Tuesday 3 December 2013

Instructions for a Heatwave

Instructions for a Heatwave by Maggie O’Farrell
Published by Tinder Press
29th August 2013
Paperback Edition




It’s July 1976 and London is in the grip of a heatwave.  It hasn’t rained for months, the gardens are filled with aphids, water comes from a standpipe, and Robert Riordan tells his wife Gretta that he’s going round the corner to buy a newspaper.  He doesn’t come back.

The search for Robert brings Gretta’s children – two estranged sisters and a brother on the brink of divorce – back home, each with different ideas as to where their father may have gone.  None of them suspects that their mother might have an explanation that even now she cannot share.

The heat, the heat.  It wakes Gretta just after dawn, propelling her from the bed and down the stairs.  It inhabits the house like a guest who has outstayed his welcome: it lies along corridors, it circles around curtains, it lolls heavily on sofas and chairs.  The air in the kitchen is like a solid entity filing the space, pushing Gretta down into the floor, against the side of the table.

Only she would choose to bake bread in such weather.


I loved this newest novel from award-winning novelist Maggie O’Farrell, to the extent that I read it in one day.  The cover looks like a beautiful poster from long-ago with its image of children on the beach interspersed with a table set for dinner.  This is such an atmospheric novel.  I don’t remember the heatwave from 1976 and after reading this book, I’m glad I don’t.  The descriptions of just how hot and still the air was during this summer were so well written that I could believe I was there.  Even though it is less than 40 years ago, the way society and people have changed in that period is immense.  O’Farrell mixes the story alongside segments of the Drought Act of 1976 which only increases its ambience.

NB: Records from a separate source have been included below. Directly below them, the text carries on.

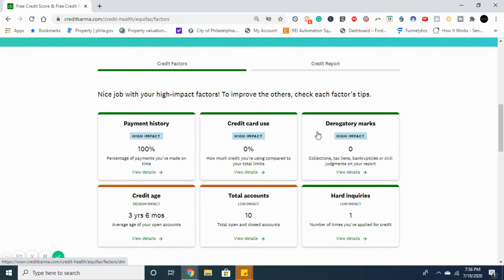Credit age also affects your credit score — it has medium impact. How it works is: if you get a new credit card, it averages out the age of all your open accounts. So every time you get a new card it's going to lower your average age. One way to offset this is to get added as an authorized user on an account with high age. I'm always going to be getting credit cards, so I'm not too concerned about this.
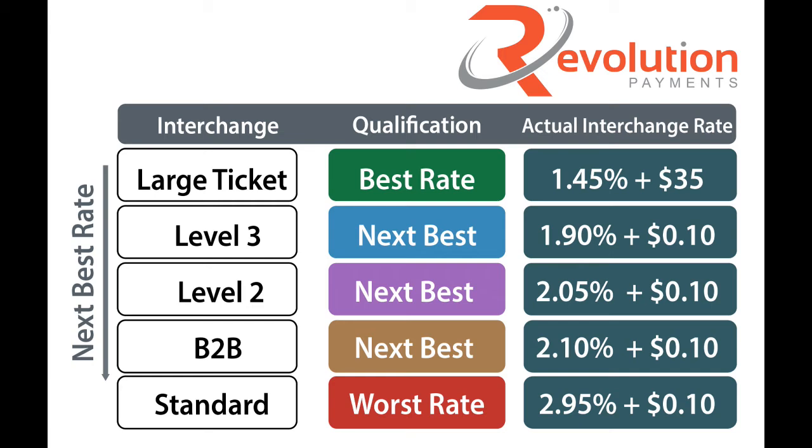Level two applies more to Visa business cards. Visa business cards do not qualify for level three, but they qualify for level two interchange rates. However, Visa requires a tax amount between 1% and 22%. If you enter that information on those transactions, you can easily save a half percent versus not.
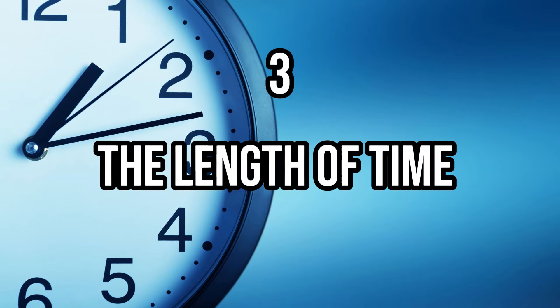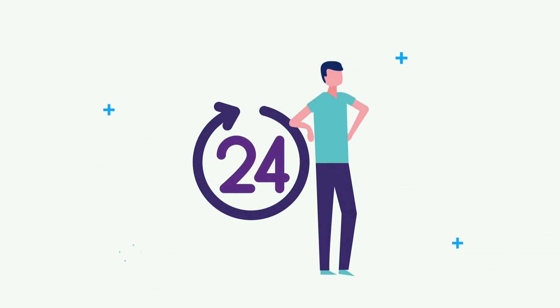Third, consider the length of time of the study. This particular study only evaluated participants over the course of a little more than 24 hours. As someone who has been recommending and using berberine for years, I can tell you from experience that it takes weeks and weeks to reach its full potential. It's very likely that the short-term benefits seen on insulin and blood sugar would have translated to better long-term results, but we can't say that definitively because we don't have the data.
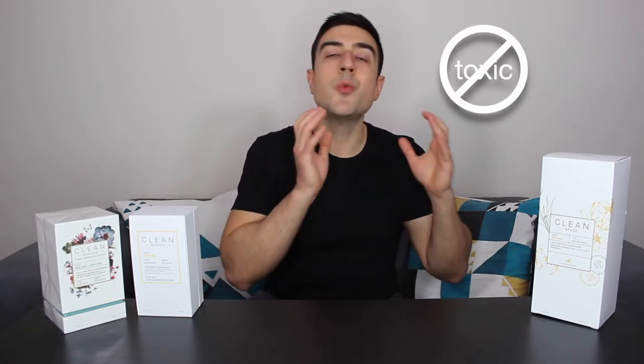For those of you who are not familiar, clean perfumes are perfumes that are non-toxic and in which you won't find an extensive list of ingredients you can't pronounce linked to harmful health effects.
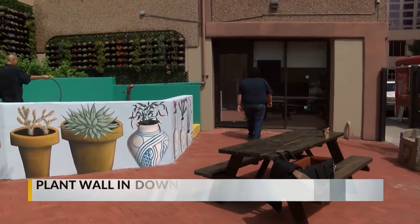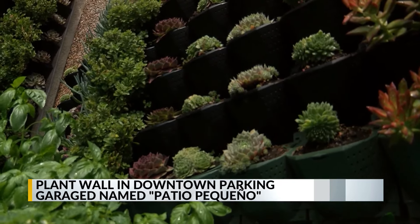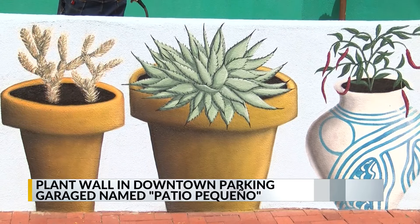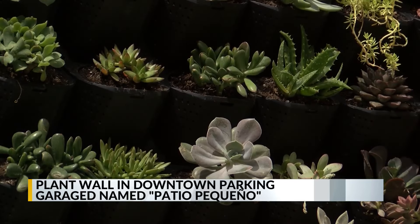A tiny oasis in the middle of a downtown parking garage now has a name. The recently unveiled plant wall in the garage at 4th and Copper has been dubbed Patio Pequeño, according to city officials. The living mural, created by a local artist, is made up of succulents and herbs. It's open to the public for lunchtime from 11 to 1, Monday through Friday.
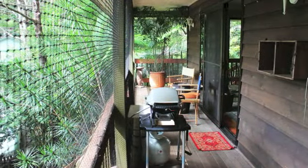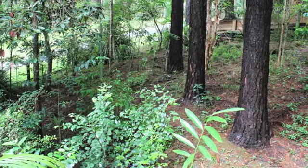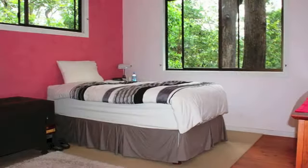The fully fenced established rainforest gardens are perfect for a gardening enthusiast, or can be left to their own devices. This well presented cottage has timber polished floors throughout, and its three good sized bedrooms all have built-in robes.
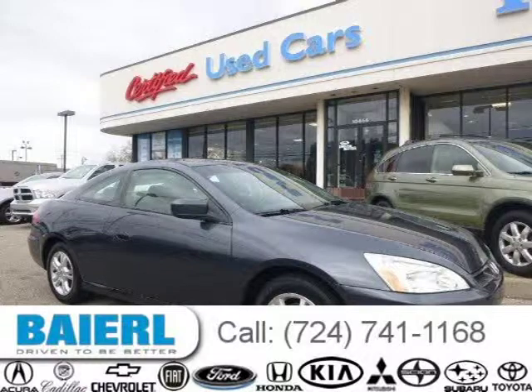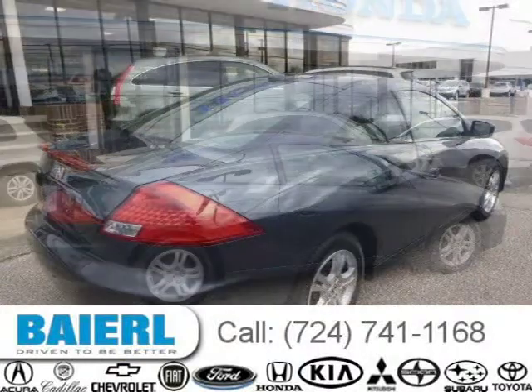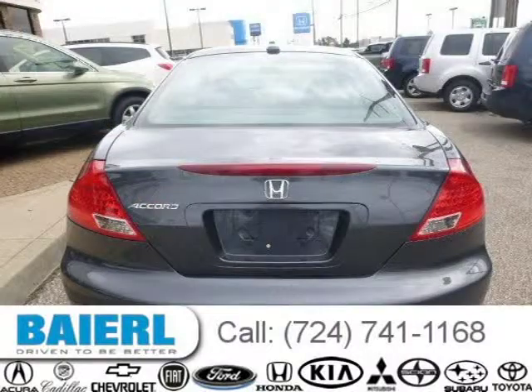This 2006 Honda Accord is located in Weckford, Pennsylvania and has 80,352 miles on it. This Honda Accord has a beautiful grey exterior paint color which is complemented by a grey interior color. For more information on this great Honda Accord, please click the link below.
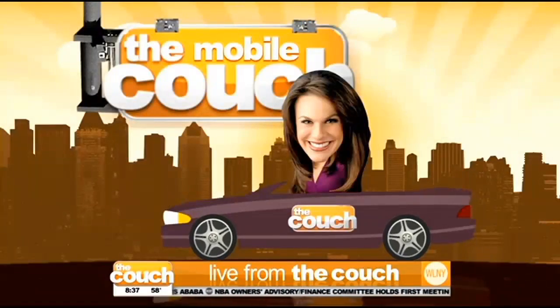Spruce up your home — we've got the place to go. Alex Dennis is on the east side. Look at that car with the mobile couch at the decorator show house. Loving it, Alex. What's next?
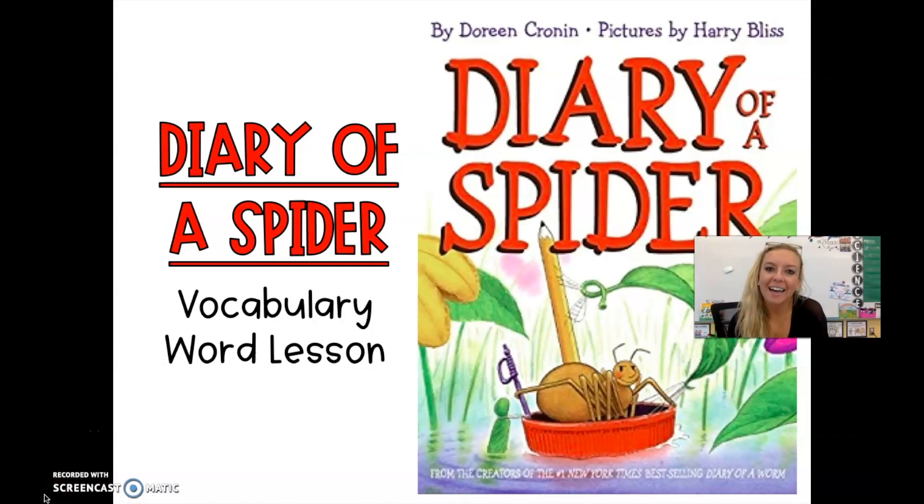Hi second graders, it's Ms. Rizelle. Happy Tuesday. Today we're going to go over our brand new vocabulary words for the week that go along with our story, Diary of a Spider. So let's get started.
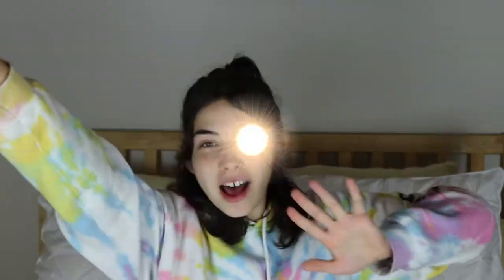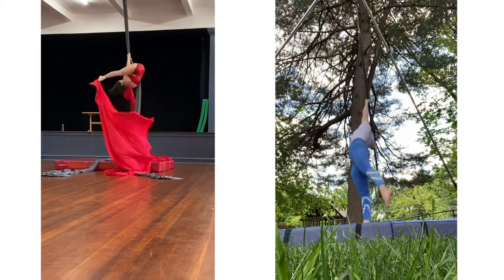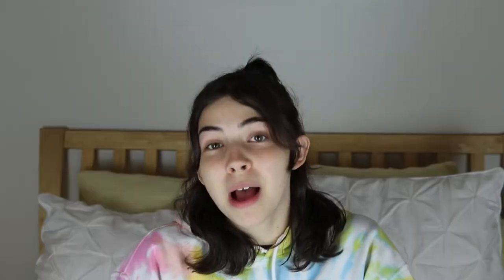For my major, going into my second year at Circadium School of Contemporary Circus, I picked — drumroll please — aerial pole and aerial silks as a combined apparatus. So I'm going to be trying to create an innovative apparatus mixing silks and aerial pole, as well as doing my own creative exploration into aquatic circus and how to incorporate water into my final thesis act.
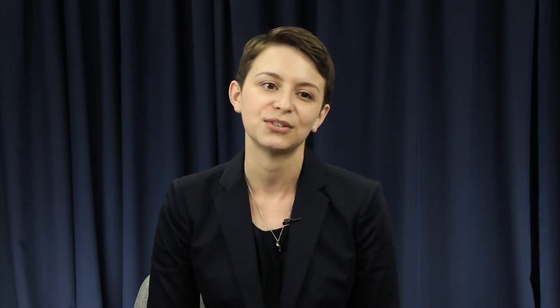But what does this look like? Many of us know to use a mix of upper and lowercase letters, numbers, and special characters. But it's also important to consider using a different password for each account. This doesn't have to be complicated. Using a core password and adding letters or numbers based off of the name of the website is one easy way to do this.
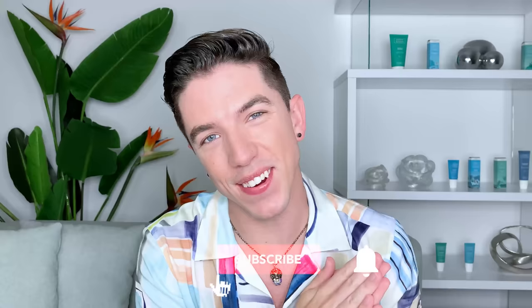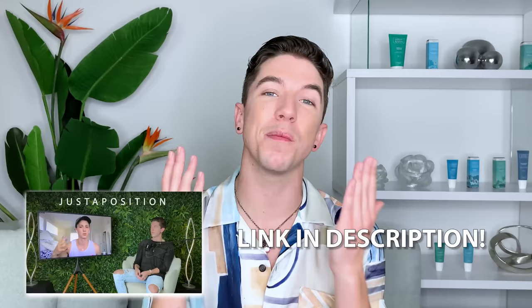Aloha everyone and welcome to Skincare with Hyram. If you don't know who I am, my name is Hyram and I'm passionate about teaching you how to perfect your skincare routine. Make sure you subscribe to my channel and hit the notification bell so you can see my videos every single week. Also, make sure you check out my new podcast, Just a Position, where I talk about mental health and vulnerability featuring some of your favorite creators online. We have some really intense conversations over there, so make sure you stream it wherever you listen to your podcasts.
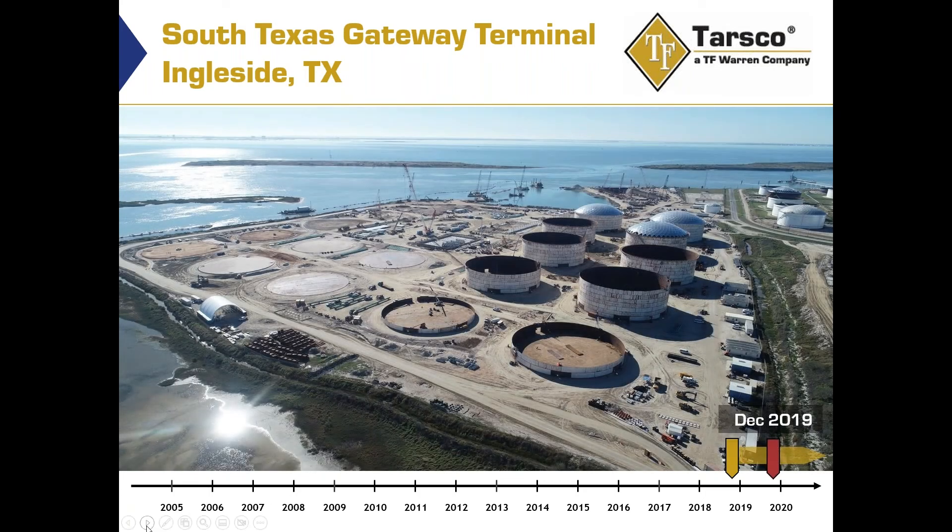This was July 2019 as depicted. By December 2019, about six months later, we've progressed to the point where we're now constructing about 10 tanks. You can see in the foreground we're starting on the bottoms and the first two shell courses of two tanks. Behind that, we're running four shells up including the wind girders, and further back we've already erected the dome roofs.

Gretta’s husband disappears on his way to get a newspaper.  She doesn’t worry until later that day and summons her three children to help her to find him.  Each of them has their own worries to contend with and the book brings them together with all of their problems.  Son Michael Francis is an unhappy teacher looking forward only to the start of the summer holidays; his wife is behaving very oddly and his two children need looking after.  Middle child Monica has a husband who is distant and two step-children who barely know she exists; she hasn’t spoken to her youngest sister for years.  Youngest child Aoife has fled the country for a new life in America, the odd-ball of the family, she has her own demons to deal with.  O’Farrell weaves her magic into this delightful Irish family nest.  Can they all pull together to find out what happened to Robert or will their own problems only cause them to fall dramatically apart?  Perfect escapism especially for these dark, winter nights.